What I feel is that they are in the soul path they are meant to and we are in the one we are meant to and when we give them a place in our heart and process the emotions of their loss, we connect more with life while we are on this plane.
Soul hug,
Marina
Hi:)
I’m a vanishing twin survivor. I have a feeling like my twin sister is the same aga as I am. That’s what I’m feeling.
Hope it helps
Hugs
Magda
Thank you, Magda! Yes, often twins of ones that left feel that way.
Soul hug,
Marina
I suspect that my son is a vanishing twin survivor.. I was 8 weeks and I had all the signs of a “threatened medical miscarriage/abortion” heavy bleeding, painful cramping and feeling nauseous from pain. Yet, when they finally did the ultrasound.. My one baby was fine. I wasn’t showing as much after that day too. My cervix was closed and yet I was having symptoms of miscarriage. When he was born his placenta was gray with a cluster of veins on the opposite side from his umbilical cord. I’ve suspected always he was a twin. Especially since his biological father has had another woman pregnant with twins too.(she unfortunately lost them).
Thank you for sharing your experience as mom of twins, even if one did not make it into birth.
Moms know.
Soul hug,
Marina
I want to know more about vanishing twin cz I have been told I’m da 1 who survived
Hi Sli,
There is a lot of literature about it that you can find online.
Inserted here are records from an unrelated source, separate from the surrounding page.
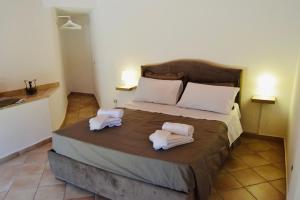 Giường trong phòng chung tại Casa Vacanze Vicolo Palaù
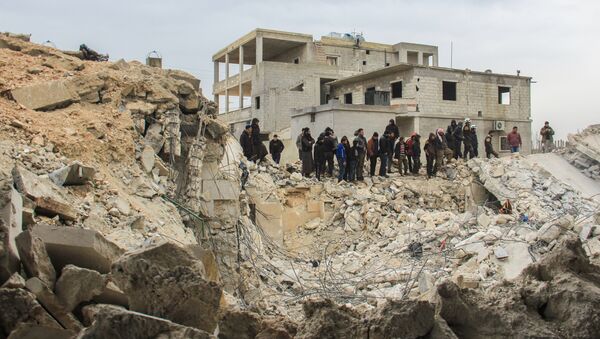 People stand by as Syrian civil defence volunteers, known as the White Helmets, dig through the rubble of a mosque following a reported airstrike on a mosque in the village of Al-Jineh in Aleppo province on March 17, 2017 - Sputnik International
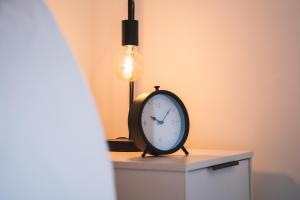 un reloj sentado en una mesa junto a una lámpara en Kelham Gate 1-Bed Apartments - City Centre - New - FREE Wi-Fi en Sheffield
In addition, if you are interested in working with the soul so acknowledge your twin and give him or her a place and work on the grief/survival guilt, you could always set up a family constellation.
Best,
Marina
Knowing what a vanishing twin is and learning how to see and integrate him has finally answered many lifelong questions and explained that feeling of loss that has been there all my life!
Now this deep knowledge is what will help my triplets who also lost their sibling while in the womb to integrate her and see her and rejoice her instead of taking her burden!
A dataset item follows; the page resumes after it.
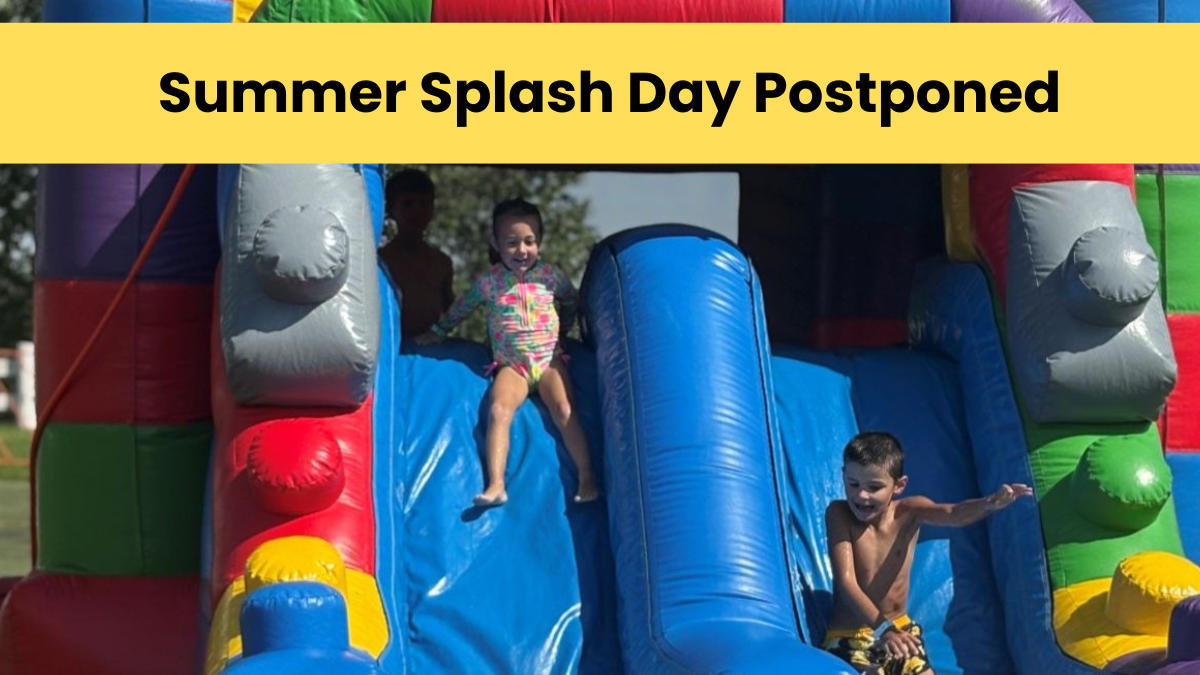 Two children sliding down a large colorful water slide.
Knowledge is power, and family constellation knowledge is healing, integrating, truth and liberation!
Thank you so much Marina!
I honour you, Muna, and the deep work that you are doing. It is a pleasure to accompany you on this journey.
Many blessings to you and your entire family system!
Soul hug,
Marina
Hmmm…how would you set up a constellation with a suspected vanishing twin? Place the twin and see if there is any resonance for the client? And if not, assume there was none?
Yes, that is a good start, and taking into account the other siblings too because it is very important that the person takes their place within the sibling line as well.